Go through the entries and transcribe each one exactly, dropping the pictures.

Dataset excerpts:
=== Section Start ===
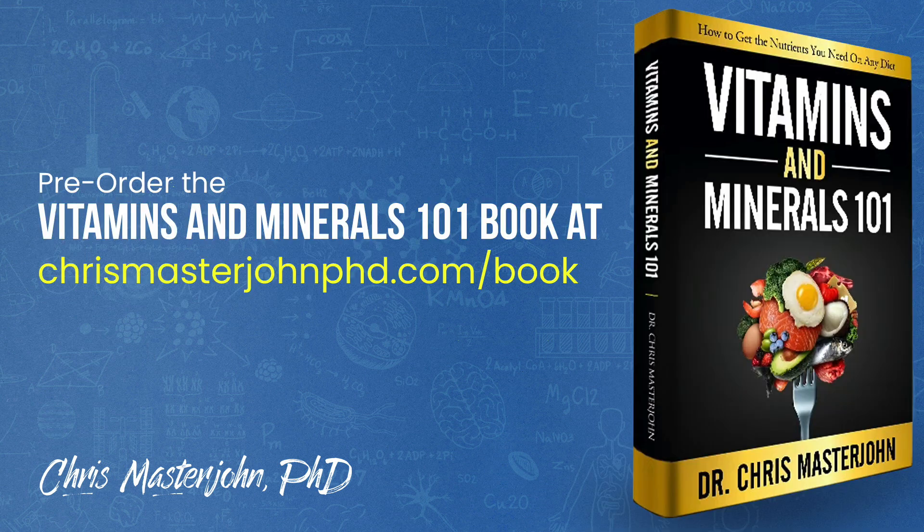I am currently working full-time on finishing my first book, Vitamins and Minerals 101: How to Get the Nutrients You Need on Any Diet. I will let you know when I have a release date. In the meantime, you can pre-order the book at chrismasterjohnphd.com/book.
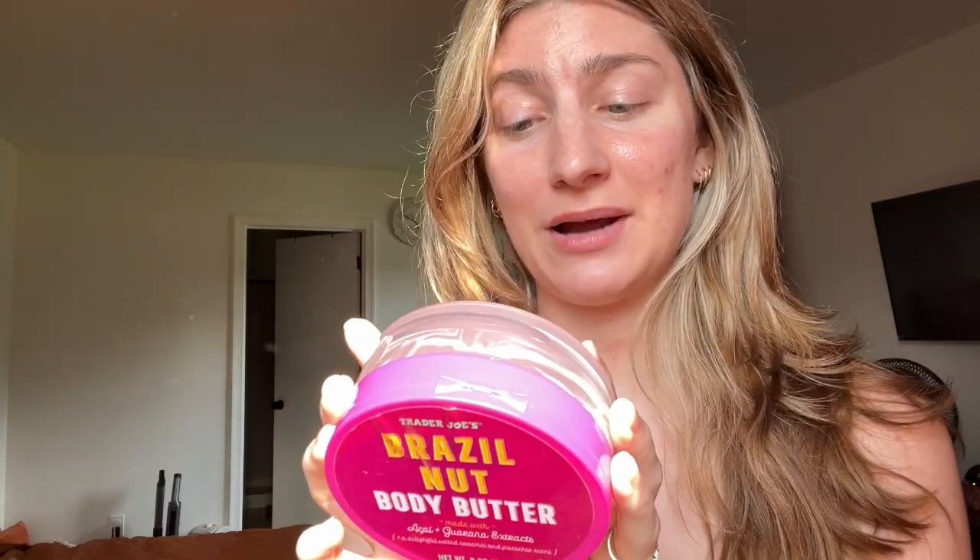This is the Trader Joe's Brazil Body Butter. I think I have two more of these, plus the scrub, body wash, and body spray. It's great — it smells so good. It's probably not the best for you since it has so much fragrance, but for the summer it's so nice. So if you see it at Trader Joe's, definitely get it. Then the Glossier Milky Oil to remove waterproof eye makeup — it's awesome. It removes waterproof mascara amazingly. It's small and kind of expensive, but if you don't wear makeup all the time and you're sensitive around the eyes, it's definitely good.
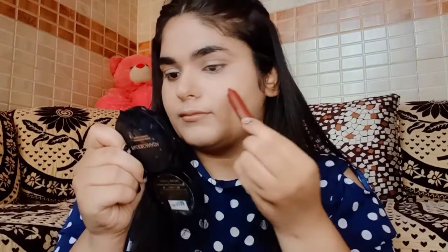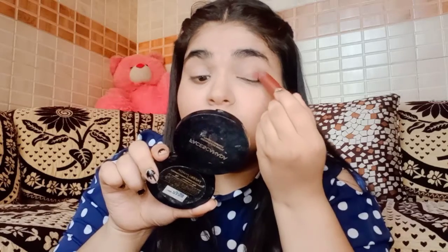After that I'll use the Swiss Beauty Chubby Stick in natural cocoa shade and use it as a blush. I love warm tone blush. You can even use this lipstick as contour, or you can use a pink lipstick as a blush, but I prefer taking this one for my blush. I'm just applying it and blending it really well into my skin — not taking too much product, just a little bit so it blends easily.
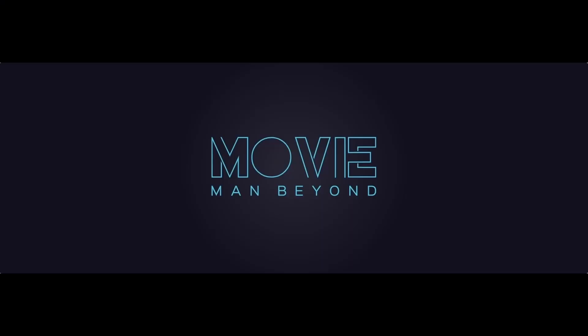Hello everyone, welcome to another episode of Movie Man Beyond. Today is the day — The Batman 4K Steelbook HMV Exclusive Edition. Let's do it! This arrived today from HMV. Probably the most anticipated release of the year for me, to be honest. It's still the best movie of 2022.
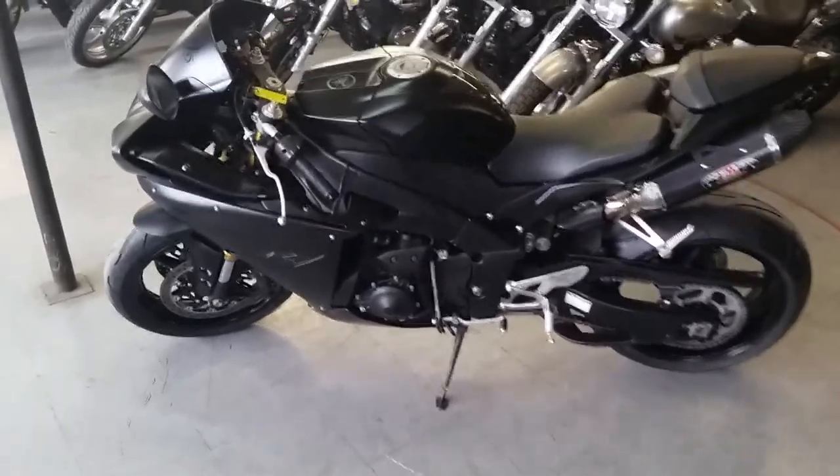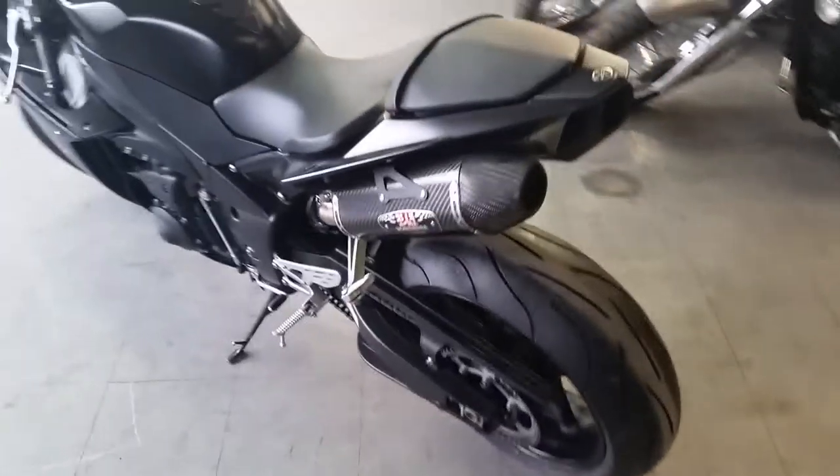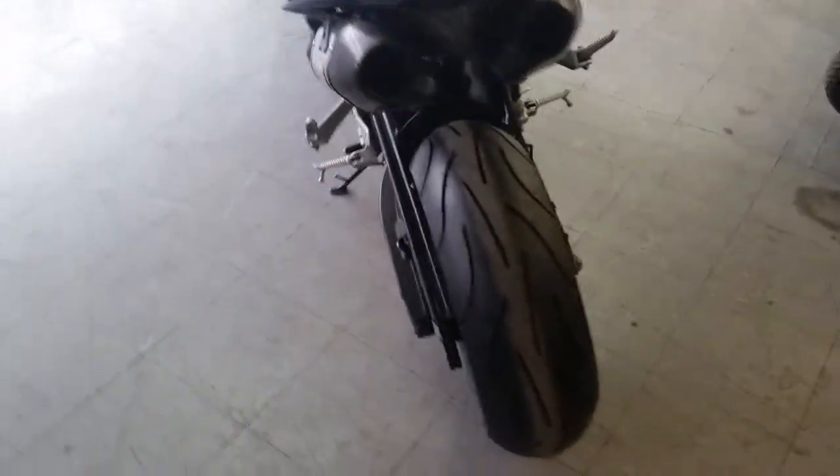Guys, at Approval Powersports we got financing for everybody. We got more used R6's and R1's than any other dealership.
=== Section End ===
**Result of this task**
I am currently working full-time on finishing my first book, Vitamins and Minerals 101: How to Get the Nutrients You Need on Any Diet. I will let you know when I have a release date. In the meantime, you can pre-order the book at chrismasterjohnphd.com/book.
This is the Trader Joe's Brazil Body Butter. I think I have two more of these, plus the scrub, body wash, and body spray. It's great — it smells so good. It's probably not the best for you since it has so much fragrance, but for the summer it's so nice. So if you see it at Trader Joe's, definitely get it. Then the Glossier Milky Oil to remove waterproof eye makeup — it's awesome. It removes waterproof mascara amazingly. It's small and kind of expensive, but if you don't wear makeup all the time and you're sensitive around the eyes, it's definitely good.
After that I'll use the Swiss Beauty Chubby Stick in natural cocoa shade and use it as a blush. I love warm tone blush. You can even use this lipstick as contour, or you can use a pink lipstick as a blush, but I prefer taking this one for my blush. I'm just applying it and blending it really well into my skin — not taking too much product, just a little bit so it blends easily.
Hello everyone, welcome to another episode of Movie Man Beyond. Today is the day — The Batman 4K Steelbook HMV Exclusive Edition. Let's do it! This arrived today from HMV. Probably the most anticipated release of the year for me, to be honest. It's still the best movie of 2022.
Guys, at Approval Powersports we got financing for everybody. We got more used R6's and R1's than any other dealership.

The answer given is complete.